Drawing on its riser design and construction history, 2H Offshore has developed a system to proactively monitor flexible riser performance. With this system, an operator can optimize inspection and maintenance planning and detect progressive failures before complete compromise to improve safety and prevent environmental impact. The process also can provide early detection of unexpected motion-induced damages and can verify the design suitability for a particular application.

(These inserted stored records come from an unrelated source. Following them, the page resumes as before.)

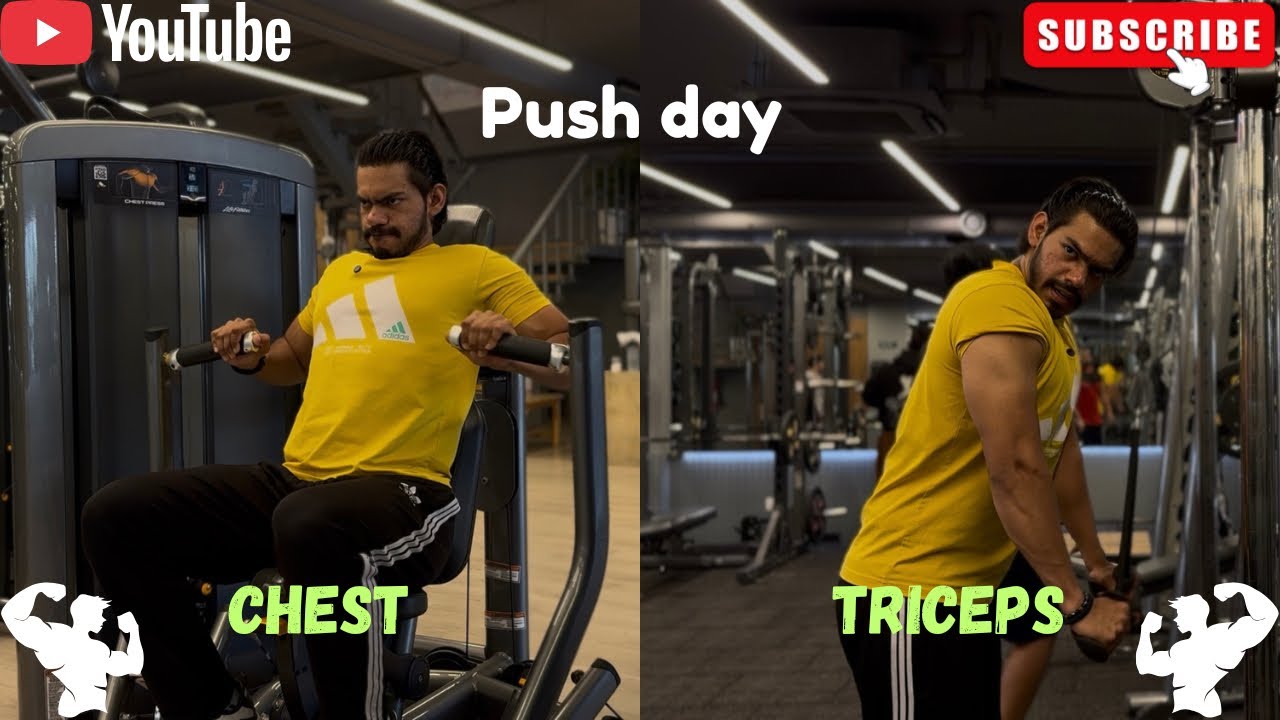 Push day ( chest & Triceps ) 💪👍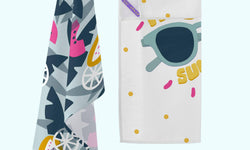 Set van 2 theedoeken Hello Sunshine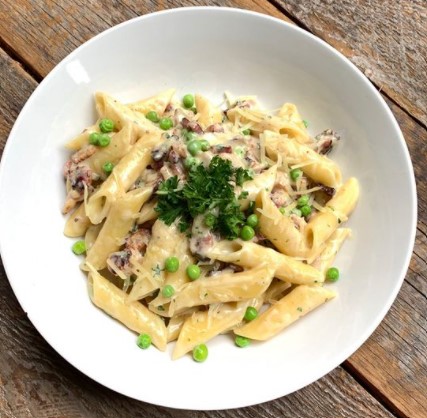 Order French Carbonara Pasta food online from Lena West Village store, New York on bringmethat.com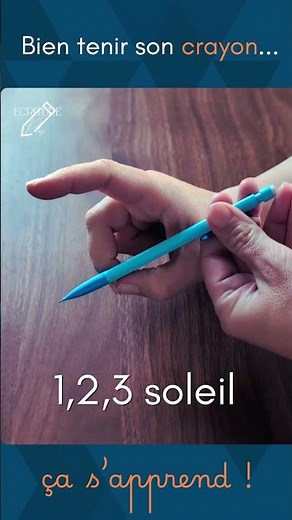 Tenue du crayon - 123 soleil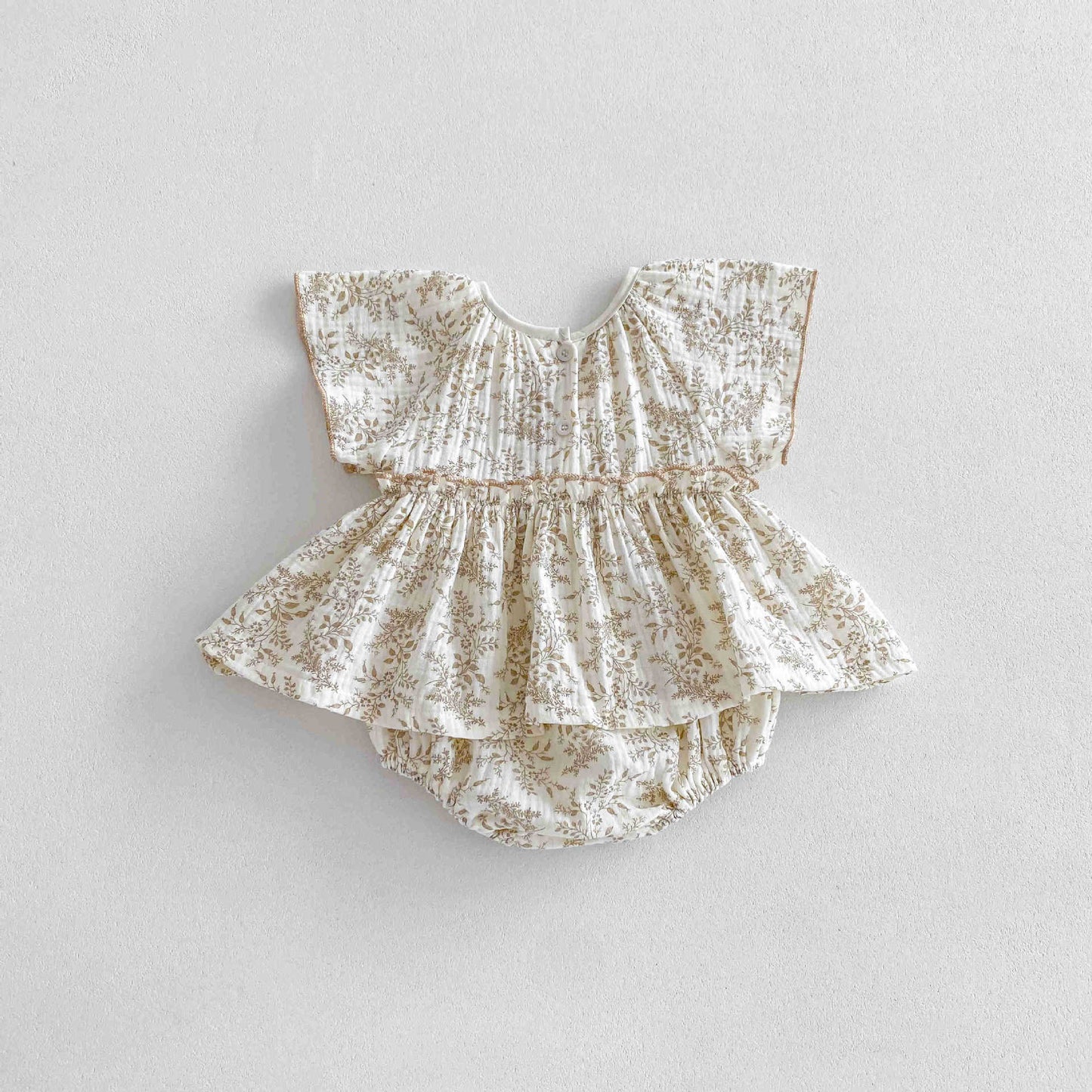 On Hand Rosamund Romper for 0-6 months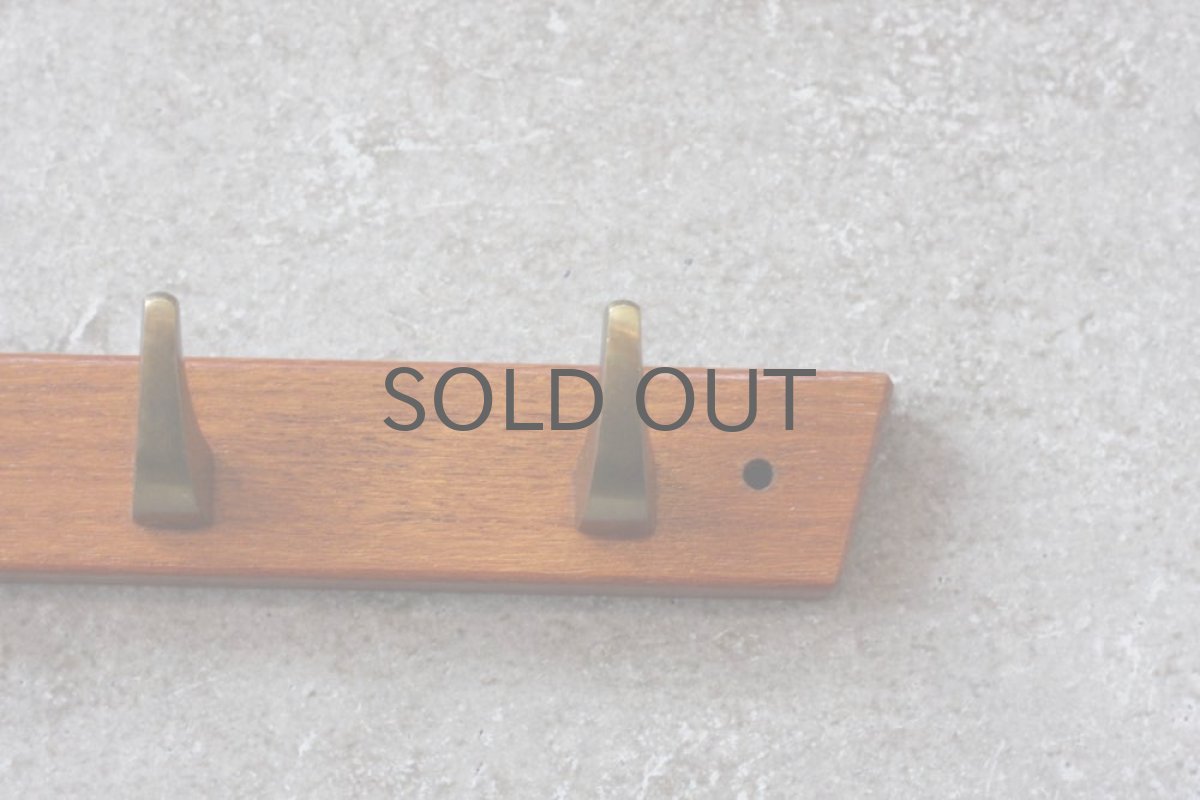 画像2: 北欧ヴィンテージ雑貨/ ヴィンテージ真ちゅうフック/３個フック/HAFA (2)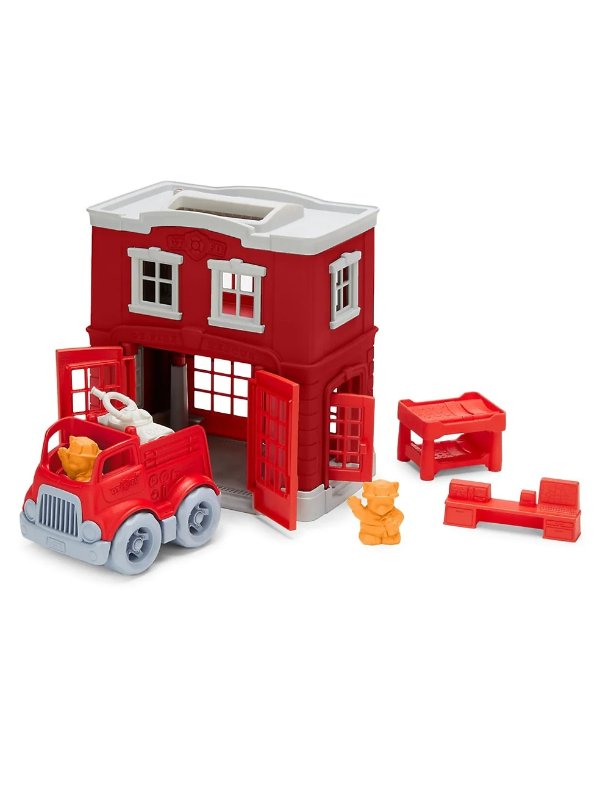 Fire Station Toy Set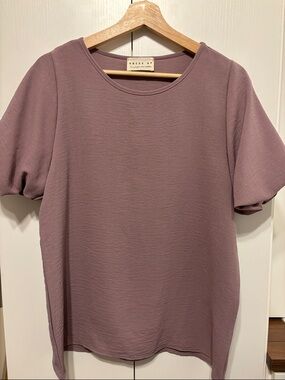 Dress Up Mauve Short Sleeve Top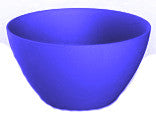 Bowl Plastic 15cm Blue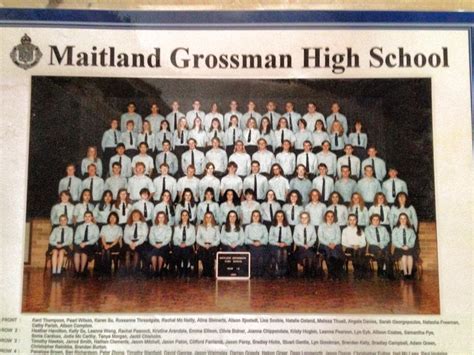 Maitland Grossmann High Reunion 1994 20yrs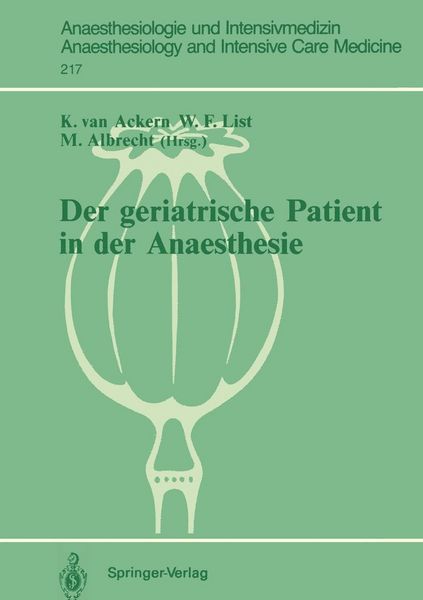 Produktbild: Der geriatrische Patient in der Anaesthesie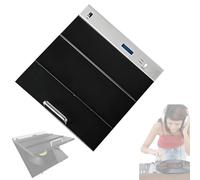 Appareil de réparation et de réparation de déformation pour disques vinyles professionnel 200 W avec minuterie de 120 minutes et température maximale de 60 °C, couvertures de protection en option pour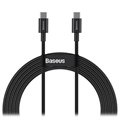 Qnect Superspeed+ USB 3.1 Type-C / C Kabel - 0.5m - Sort 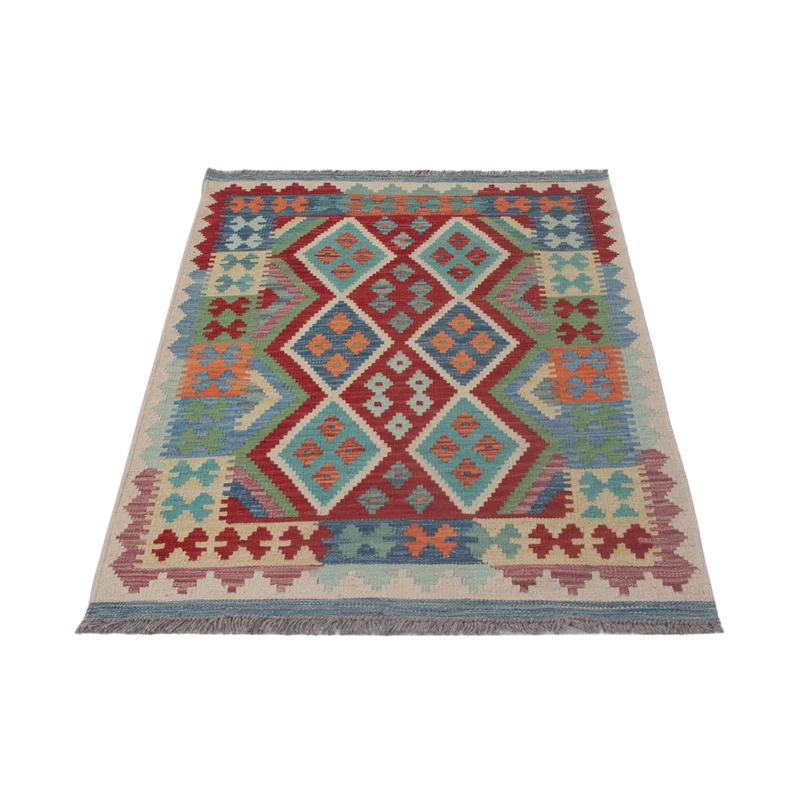 Kelim Maimene Teppich 85x131cm - mehrfarbig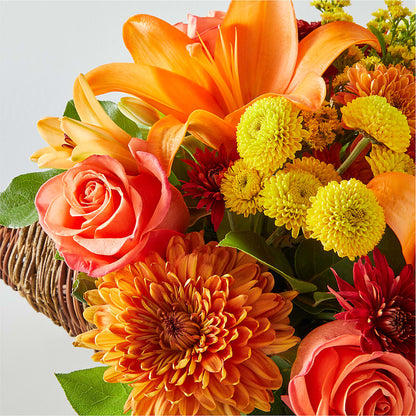 Bouquet of Blessings Cornucopia –  Awesome Blossom Flowers And Gifts, Citrus Heights CA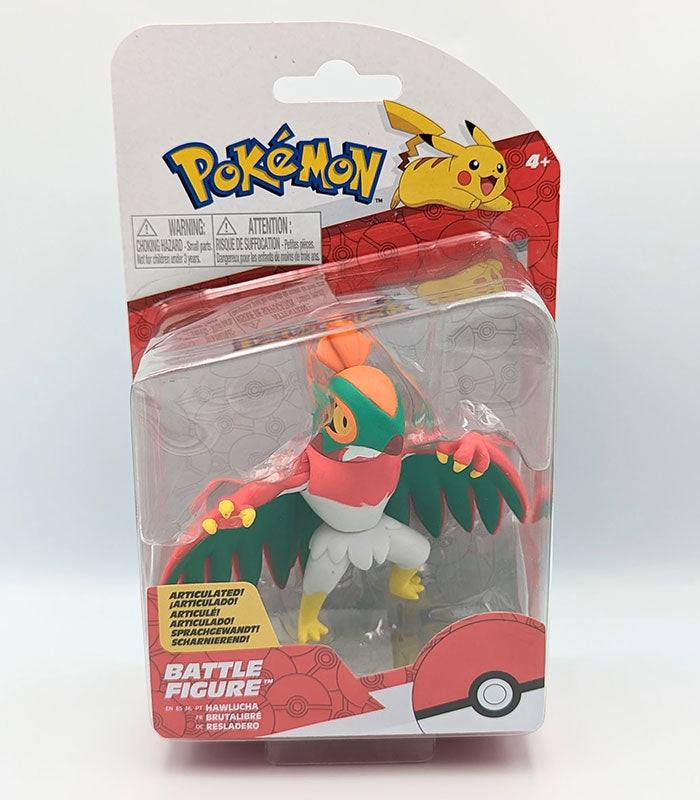 Pokemon Battle Figures - Hawlucha toy in packaging, featuring articulated design and vibrant colors. Suitable for ages 4 and up.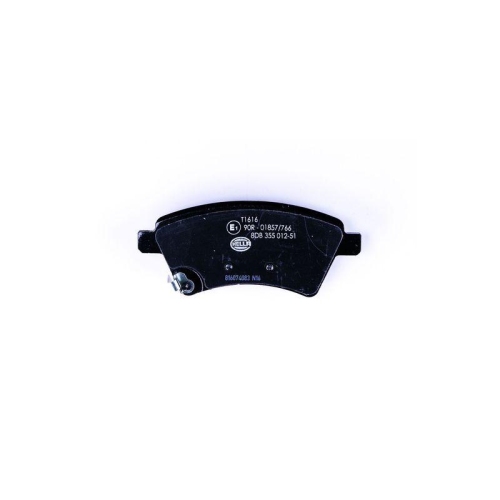 Bremsbelagsatz Scheibenbremse Hella 8DB 355 012-511 f&uuml;r Fiat Suzuki Ferrari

Whether for FPSO, spar, fixed platform, etc. the 2H Offshore approach to riser integrity management starts by collecting design, fabrication, and installation details. That information is used to establish work parameters for the riser system. Then, those details are incorporated into a set of key performance indicators. The indicators are used to set trigger points for inspections and interventions. In order to set these triggers to action, the defined performance indicators are compared to data sets on a risk matrix incorporating the chances of a given event occurring and the degree of criticality to the entire system resulting from that event.

This presumptive data is compared to the actual field returns, and that is used to update the working parameters and defined performance indicators over the life of the riser. This cycle of feedback is continually updated to optimize the installation’s operating plan, inspection routines, and intervention prediction and scheduling.

Observations and data routinely collected as part of the integrity management program come from several sources and can be stored in several places. Riser monitoring hardware, ROV inspection video, and metocean and production history data all can be collected, saved, and analyzed, with the data points being collected into a database for future reference. The data can go into an intelligent management system onboard the offshore production facility where it is processed and produces alarms at predefined threshold points. The data also can be sent anywhere via satellite or Internet for storage, additional monitoring and processing, management reports, and determination of long-term trends.

The 2H monitoring system integrates 2H INTEGRI products using sensors to monitor motions, angle fluctuations, tension variations, armor wire failure, hydrocarbon leakage, and annulus pressure. Location of the various sensors is critical to collecting useful data.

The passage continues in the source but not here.